Transcribe the records below from the first line to the line that includes "You initialize an", inclusive, and omit the pictures.

--- INFORMATION ---

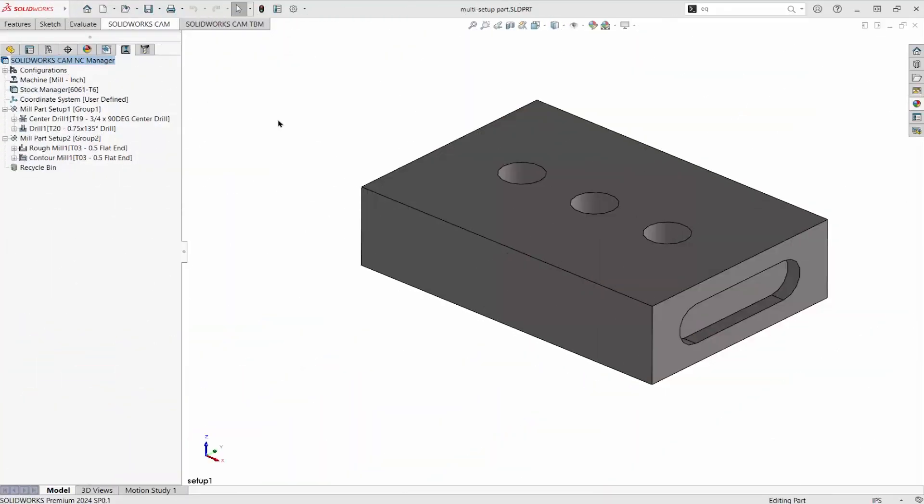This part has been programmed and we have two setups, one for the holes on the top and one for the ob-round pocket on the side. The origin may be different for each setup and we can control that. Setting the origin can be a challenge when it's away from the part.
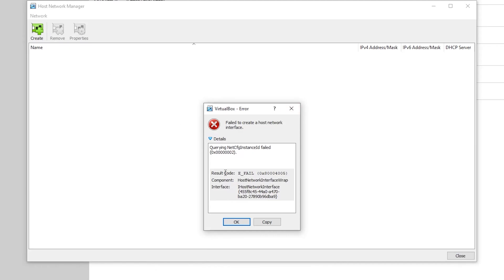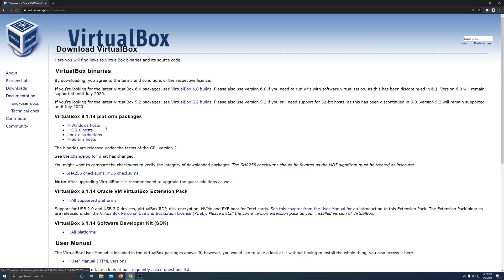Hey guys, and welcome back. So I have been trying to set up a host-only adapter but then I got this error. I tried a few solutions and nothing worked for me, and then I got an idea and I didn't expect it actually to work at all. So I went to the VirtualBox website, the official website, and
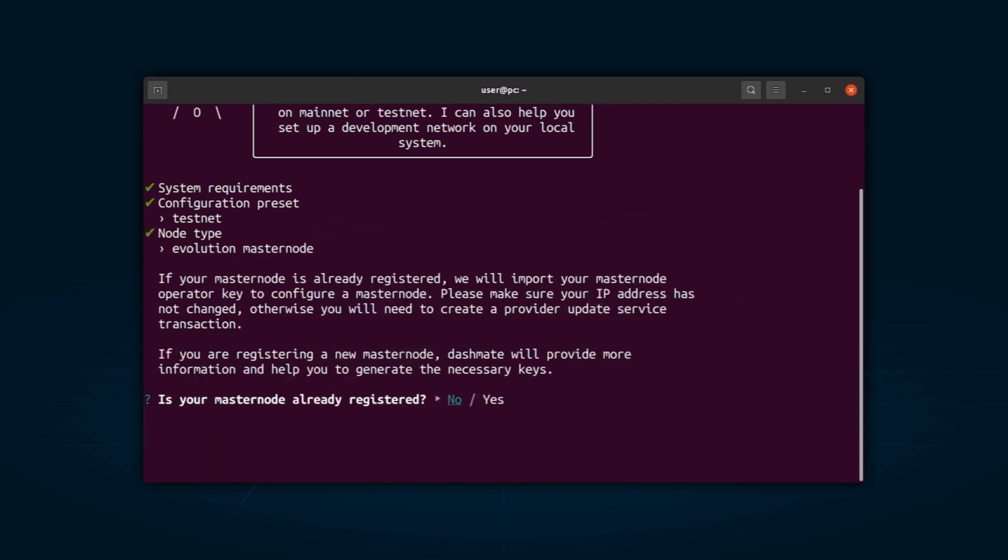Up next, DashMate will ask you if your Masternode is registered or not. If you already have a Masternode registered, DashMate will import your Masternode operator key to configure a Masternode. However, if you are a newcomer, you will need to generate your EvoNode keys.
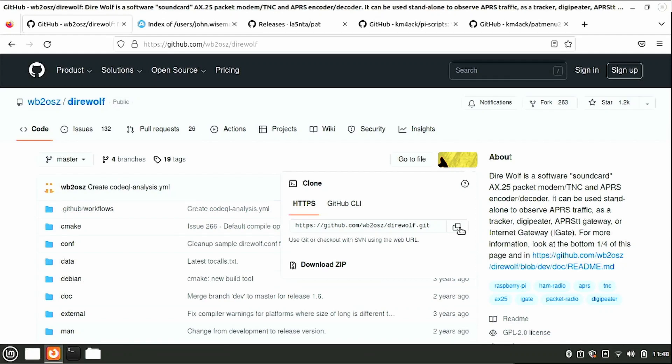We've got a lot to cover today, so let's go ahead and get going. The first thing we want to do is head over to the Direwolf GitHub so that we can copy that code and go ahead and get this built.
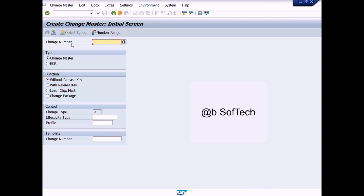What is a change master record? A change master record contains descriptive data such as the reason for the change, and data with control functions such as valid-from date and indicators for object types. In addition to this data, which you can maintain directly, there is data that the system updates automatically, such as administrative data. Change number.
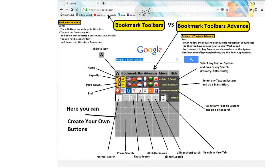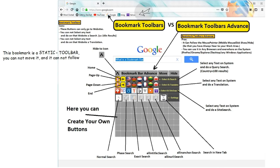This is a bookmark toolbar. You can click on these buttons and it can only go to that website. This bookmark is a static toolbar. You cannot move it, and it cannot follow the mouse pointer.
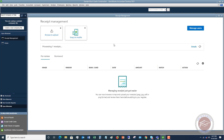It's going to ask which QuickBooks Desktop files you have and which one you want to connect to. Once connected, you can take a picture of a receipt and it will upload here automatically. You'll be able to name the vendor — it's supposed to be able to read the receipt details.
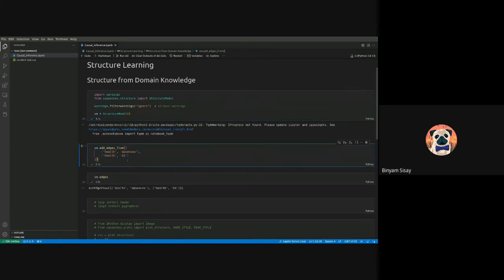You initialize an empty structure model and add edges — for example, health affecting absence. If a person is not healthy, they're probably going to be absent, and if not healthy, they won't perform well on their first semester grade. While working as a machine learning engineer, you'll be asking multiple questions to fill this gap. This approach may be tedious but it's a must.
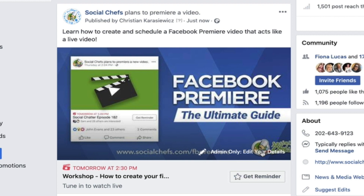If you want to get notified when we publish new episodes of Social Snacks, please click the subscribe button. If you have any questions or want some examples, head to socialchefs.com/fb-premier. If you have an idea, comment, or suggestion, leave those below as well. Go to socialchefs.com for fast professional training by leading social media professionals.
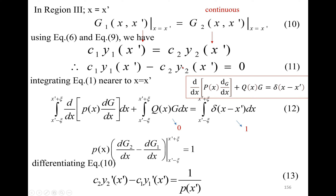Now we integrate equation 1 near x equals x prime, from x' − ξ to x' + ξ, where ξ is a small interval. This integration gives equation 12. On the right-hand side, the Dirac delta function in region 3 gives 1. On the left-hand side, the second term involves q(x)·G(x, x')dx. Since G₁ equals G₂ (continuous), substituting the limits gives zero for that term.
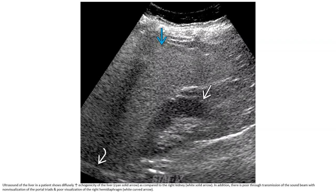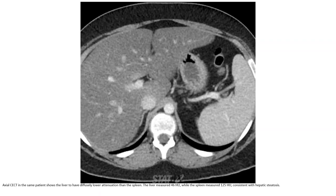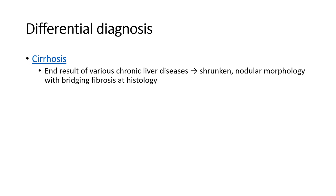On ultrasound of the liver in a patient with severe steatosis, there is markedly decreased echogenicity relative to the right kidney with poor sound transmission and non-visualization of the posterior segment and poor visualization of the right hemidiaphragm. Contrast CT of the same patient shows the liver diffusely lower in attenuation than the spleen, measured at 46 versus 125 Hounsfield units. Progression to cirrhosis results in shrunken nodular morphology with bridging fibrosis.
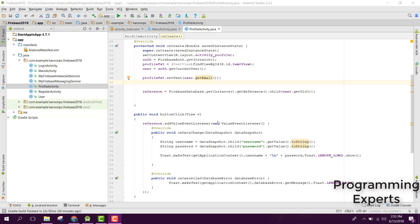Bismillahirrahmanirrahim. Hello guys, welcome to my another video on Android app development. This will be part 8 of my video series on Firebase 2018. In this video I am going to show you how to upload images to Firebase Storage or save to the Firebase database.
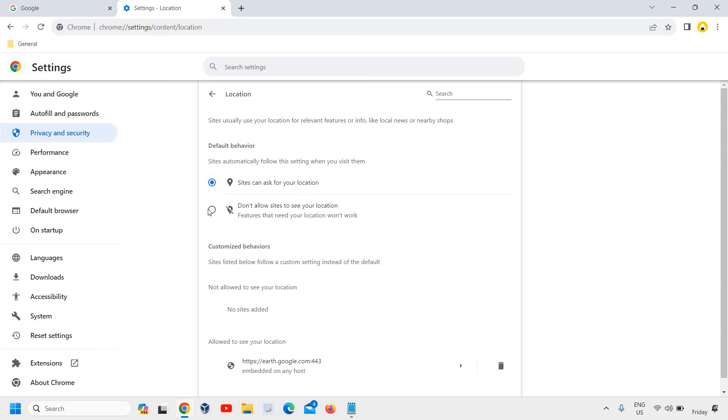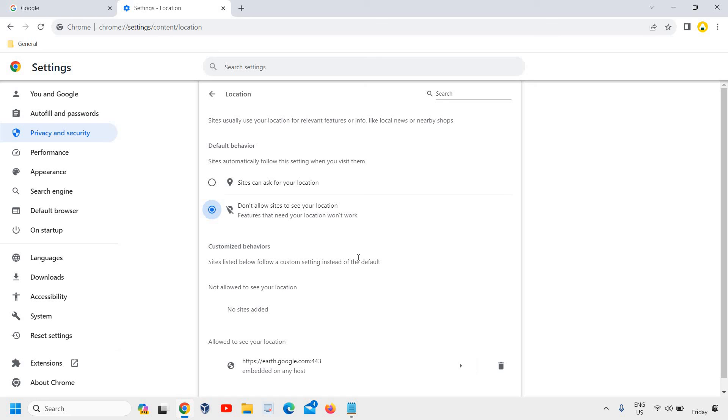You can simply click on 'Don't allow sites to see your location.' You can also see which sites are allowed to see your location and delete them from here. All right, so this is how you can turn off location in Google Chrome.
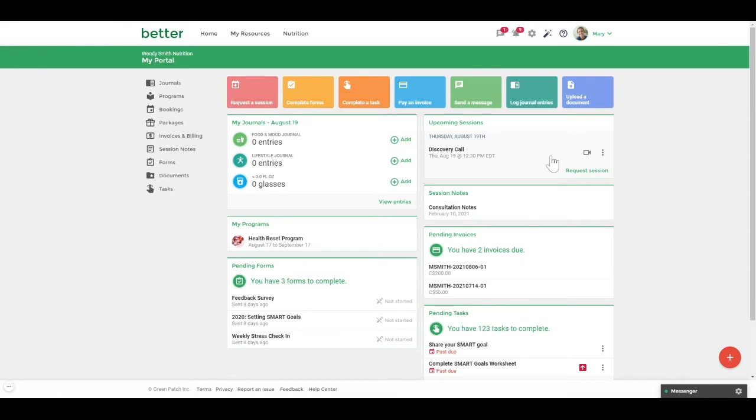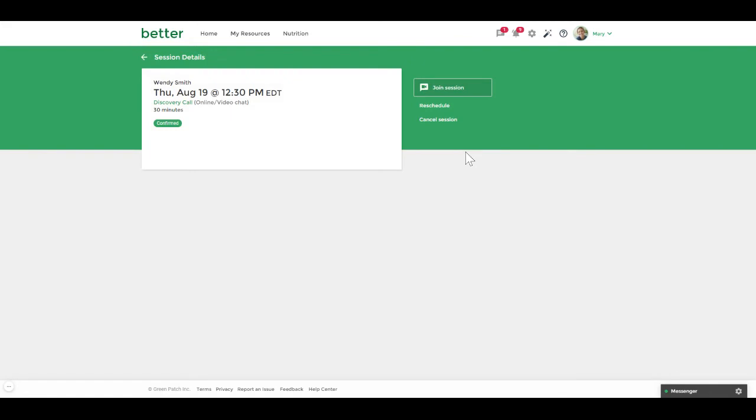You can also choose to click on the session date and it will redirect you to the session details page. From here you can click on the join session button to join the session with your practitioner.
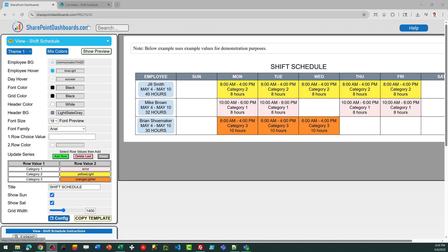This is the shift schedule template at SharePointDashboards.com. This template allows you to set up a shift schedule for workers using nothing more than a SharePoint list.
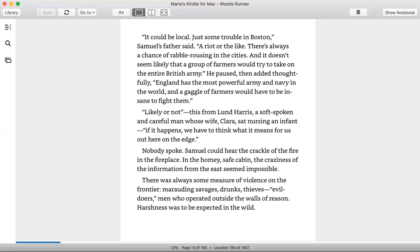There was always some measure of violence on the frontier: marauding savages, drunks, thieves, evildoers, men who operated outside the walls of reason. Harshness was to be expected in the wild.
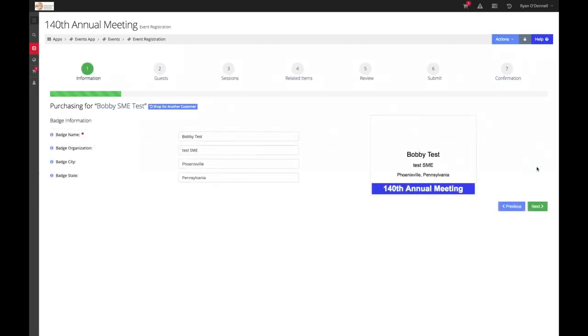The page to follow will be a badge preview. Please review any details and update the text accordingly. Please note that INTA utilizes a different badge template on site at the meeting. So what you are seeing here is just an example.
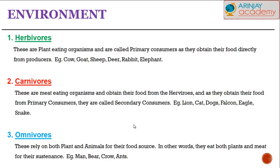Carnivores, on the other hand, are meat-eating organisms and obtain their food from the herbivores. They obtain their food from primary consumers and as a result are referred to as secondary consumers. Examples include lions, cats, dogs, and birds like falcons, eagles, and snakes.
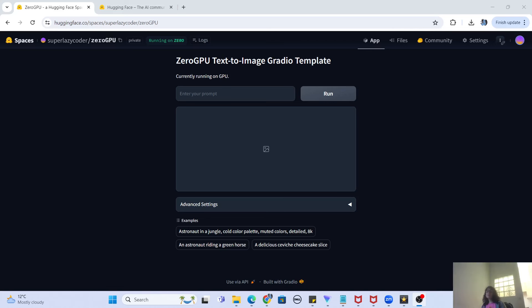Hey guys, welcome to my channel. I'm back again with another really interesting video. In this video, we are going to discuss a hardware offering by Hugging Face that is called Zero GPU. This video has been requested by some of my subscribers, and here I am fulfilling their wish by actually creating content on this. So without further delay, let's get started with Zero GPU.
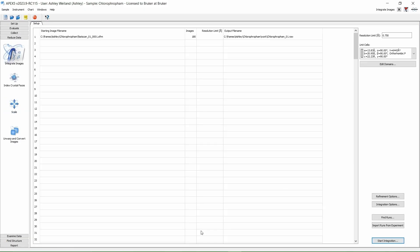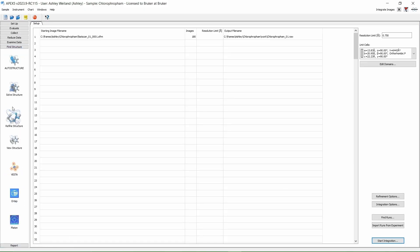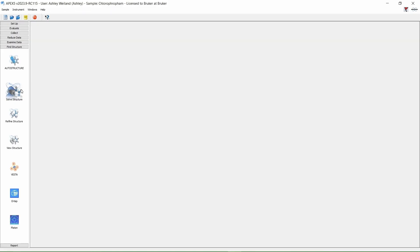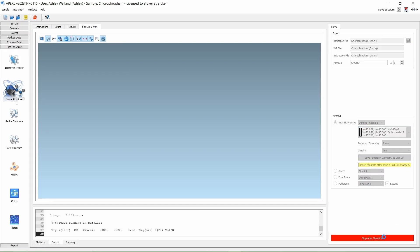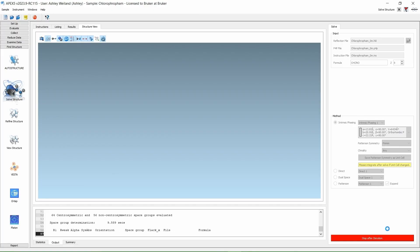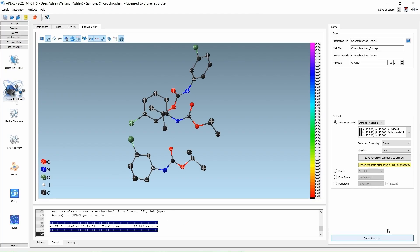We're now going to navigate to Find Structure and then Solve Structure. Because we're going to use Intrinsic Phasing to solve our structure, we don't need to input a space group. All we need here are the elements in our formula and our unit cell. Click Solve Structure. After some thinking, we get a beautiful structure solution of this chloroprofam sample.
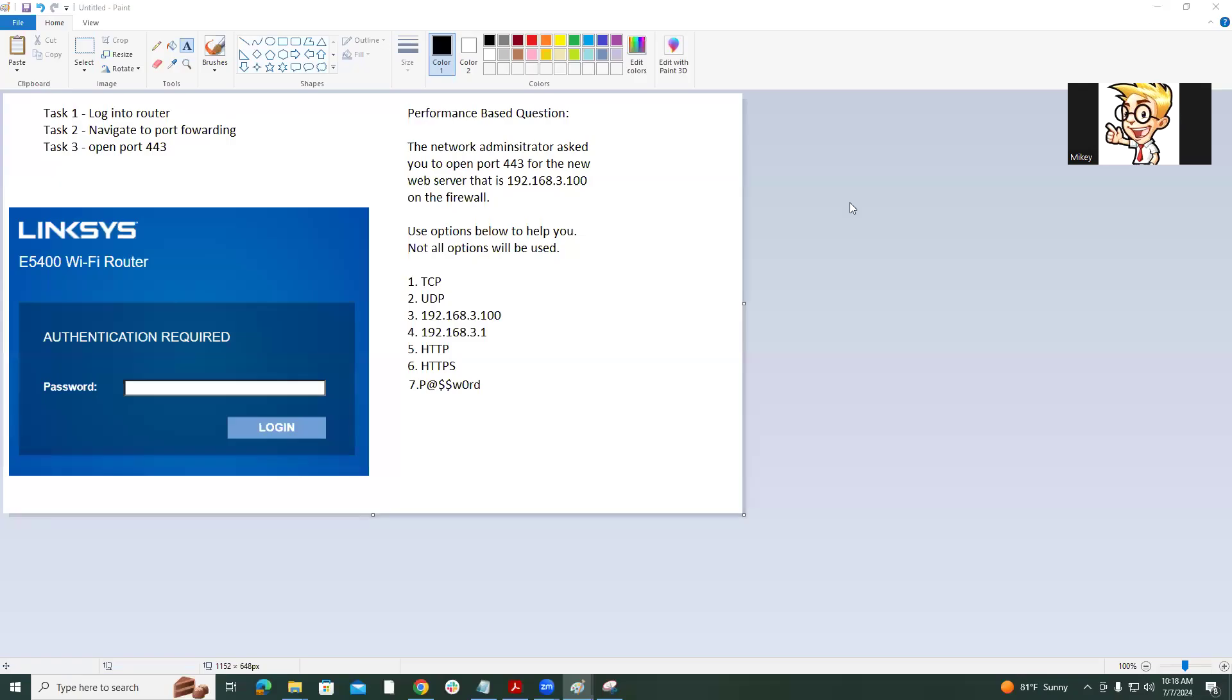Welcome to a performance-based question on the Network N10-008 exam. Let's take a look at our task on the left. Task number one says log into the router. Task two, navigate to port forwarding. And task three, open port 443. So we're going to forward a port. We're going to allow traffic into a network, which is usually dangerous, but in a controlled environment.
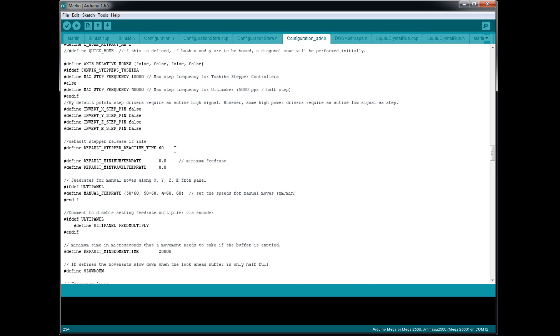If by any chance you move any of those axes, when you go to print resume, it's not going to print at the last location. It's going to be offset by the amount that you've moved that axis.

---

- _SOLUTION TO THIS EXERCISE_
This part has been programmed and we have two setups, one for the holes on the top and one for the ob-round pocket on the side. The origin may be different for each setup and we can control that. Setting the origin can be a challenge when it's away from the part.
Hey guys, and welcome back. So I have been trying to set up a host-only adapter but then I got this error. I tried a few solutions and nothing worked for me, and then I got an idea and I didn't expect it actually to work at all. So I went to the VirtualBox website, the official website, and
Up next, DashMate will ask you if your Masternode is registered or not. If you already have a Masternode registered, DashMate will import your Masternode operator key to configure a Masternode. However, if you are a newcomer, you will need to generate your EvoNode keys.
We've got a lot to cover today, so let's go ahead and get going. The first thing we want to do is head over to the Direwolf GitHub so that we can copy that code and go ahead and get this built.
What is a change master record? A change master record contains descriptive data such as the reason for the change, and data with control functions such as valid-from date and indicators for object types. In addition to this data, which you can maintain directly, there is data that the system updates automatically, such as administrative data. Change number.
This is a bookmark toolbar. You can click on these buttons and it can only go to that website. This bookmark is a static toolbar. You cannot move it, and it cannot follow the mouse pointer.
It's going to ask which QuickBooks Desktop files you have and which one you want to connect to. Once connected, you can take a picture of a receipt and it will upload here automatically. You'll be able to name the vendor — it's supposed to be able to read the receipt details.
You initialize an empty structure model and add edges — for example, health affecting absence. If a person is not healthy, they're probably going to be absent, and if not healthy, they won't perform well on their first semester grade. While working as a machine learning engineer, you'll be asking multiple questions to fill this gap. This approach may be tedious but it's a must.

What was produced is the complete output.